Respiratory Physiology is discussed to further length within the results with the dyspnea index being significantly reduced at 75% of maximum exercise in the asthma group, while the dyspnea index in the control group rose after the 10 weeks of conditioning. After the conditioning program, the ventilatory equivalent at 75% of maximum and maximum exercise decreased significantly in the asthma group. The respiratory rate at each level of oxygen consumption was reduced in both groups, but the asthma group saw the greater differences, this was also the case for the measured carbon dioxide production for each level of oxygen consumption while there was also an increase for the asthma group in the partial pressure of end-tidal carbon dioxide pressure. These results were also included in the discussion section of the article where more of the changes which were observed during the study and results have been elaborated on further and with less of a scientific approach. To the untrained eye, this would be more beneficial as opposed to reading straight from the results section itself.
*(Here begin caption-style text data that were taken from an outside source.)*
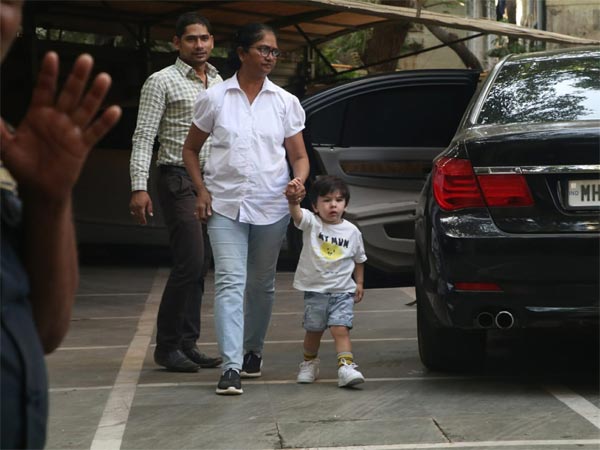 Taimur Joins His Cousin At The Play School Taimur Joins His Cousin At The Play School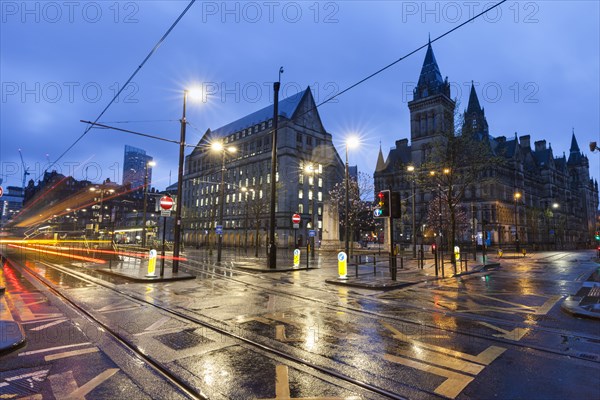 Manchester Town Hall at night
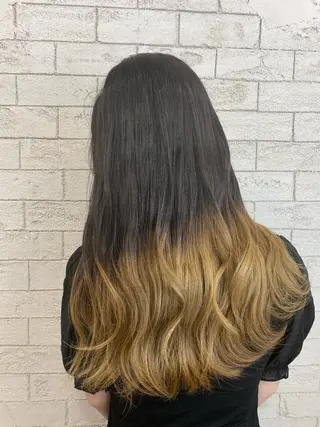 セミロング カラー Eleanor立川北口所属・🦋YUI 髪質改善 ブリーチ 着付け🦋のヘアスタイル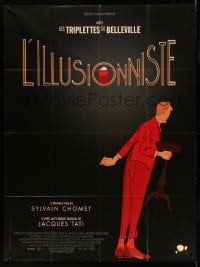 1p657 ILLUSIONIST French 1p 2010 cool magician cartoon with a screenplay by Jacques Tati!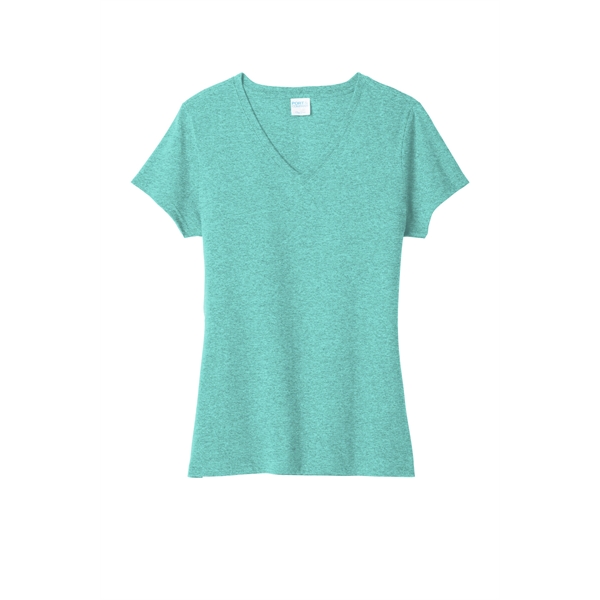 Port & Company Women's Tri-Blend V-Neck Tee. - Port & Company Women's Tri-Blend V-Neck Tee. - Image 45 of 45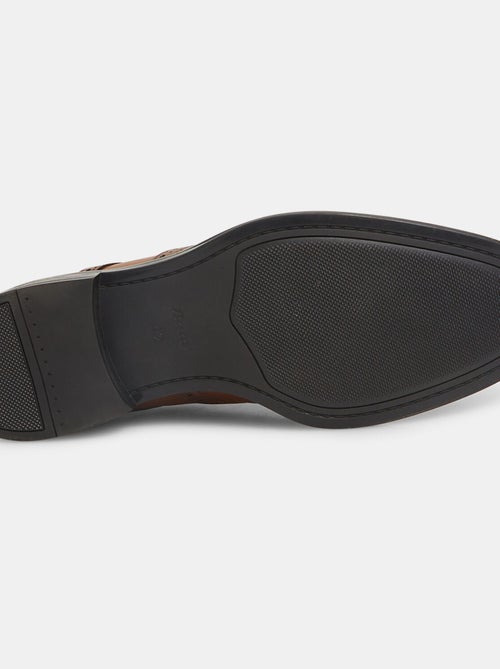 Chaussures à lacets brogue Bata 24H en cuir - Kiabi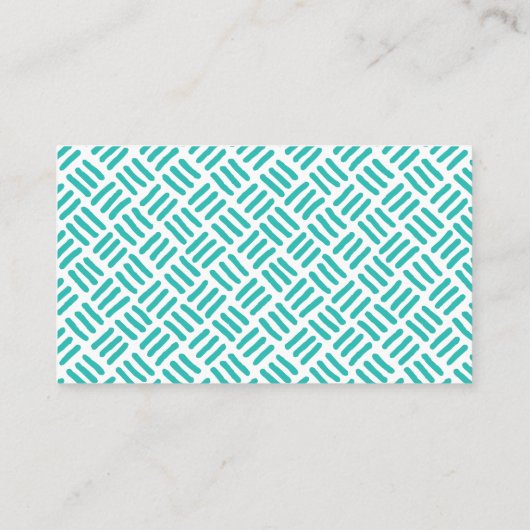 シンプルサファリ動物男の赤ちゃん登録囲い エンクロージャーカード (裏面)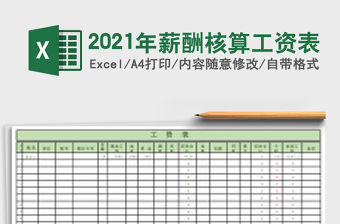 2021年薪酬核算工資表
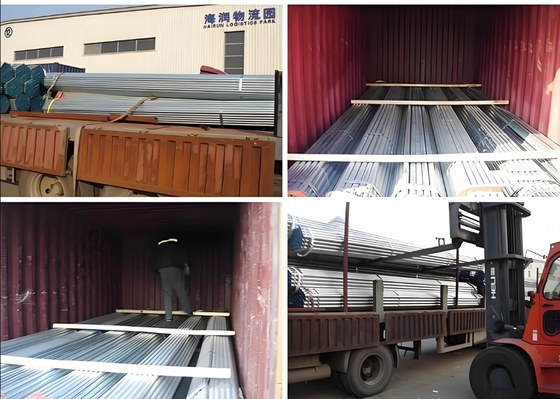 DN15mm-DN250mm गोल अनुभाग आकार स्टील संरचना के लिए विरोधी जंग जस्ती पाइप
What conclusions can we take from this research?
Firstly, this study demonstrates that exercise rehabilitation improves aerobic fitness and decreases the hyperpnea of exercise in patients with mild asthma. Secondly, aerobic conditioning is well tolerated and leads to fitness gains similar to those in non-asthmatic individuals. The data contained in this study are consistent with results of other conditioning programs that show no change in the severity of exercise-induced bronchospasm after a post-conditioning maximal exercise test i which the participants achieved a higher level of work. Third, aerobic conditioning improves the MVV in patients with asthma, although the mechanism of this improvement is unclear within the study, as well as no evidence of a change in disease activity within mild asthma patients. The author's concluded that, 'physical training results in beneficial adaptations that allow individuals with mild asthma to participate comfortably in aerobic activities.'
The author's have included their own advice, or for want of a better word; notes, about the adaptations recorded throughout the study. Further study is necessary to determine if a change in central respiratory drive occurs in response to conditioning and to determine the underlying basis of these adaptations recorded throughout the study. To better record results during the conditioning program itself, exercise professionals such as sports scientists, sports trainers or even team doctors should be present throughout the monitoring of the target heart rate and B2-agonist therapy (a professional trained in asthma treatment and identification should be present for this).
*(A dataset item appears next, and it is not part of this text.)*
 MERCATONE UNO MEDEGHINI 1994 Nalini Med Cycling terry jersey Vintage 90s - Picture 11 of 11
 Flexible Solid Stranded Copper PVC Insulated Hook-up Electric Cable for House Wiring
3 recent studies, Effects of Aerobic Training on Airway Inflammation in Asthmatic Patients, Aerobic Exercise Attenuates Airway Inflammatory Responses in a Mouse Model of Atopic Asthma and Effect of Aerobic Exercise Training on Pulmonary Function and Tolerance of Activity in Asthmatic Patients, carried out in 2004, 2005 and more recently in 2011 respectively essentially, while they may differ in design and other attributes, support the conclusion drawn from the current study under critique. Again, respectively, the conclusions from the 3 above studies were; results suggest that aerobic exercise reduces airway inflammation in a mouse-model via modulation NF-kB activation. There is also the potential for the use of aerobic exercise training as a non-drug therapeutic modality. Aerobic exercises in asthmatic patients lead to an improvement in pulmonary functions and aerobic exercise rehabilitation can be a complement to medical treatment of asthma. Aerobic training reduces sputum eosinophil and FeNO (fractional exhaled nitric oxide) in patients with moderate or severe asthma. This suggests that aerobic training might be useful as an adjuvant therapy in asthmatic patients under optimized medical treatment.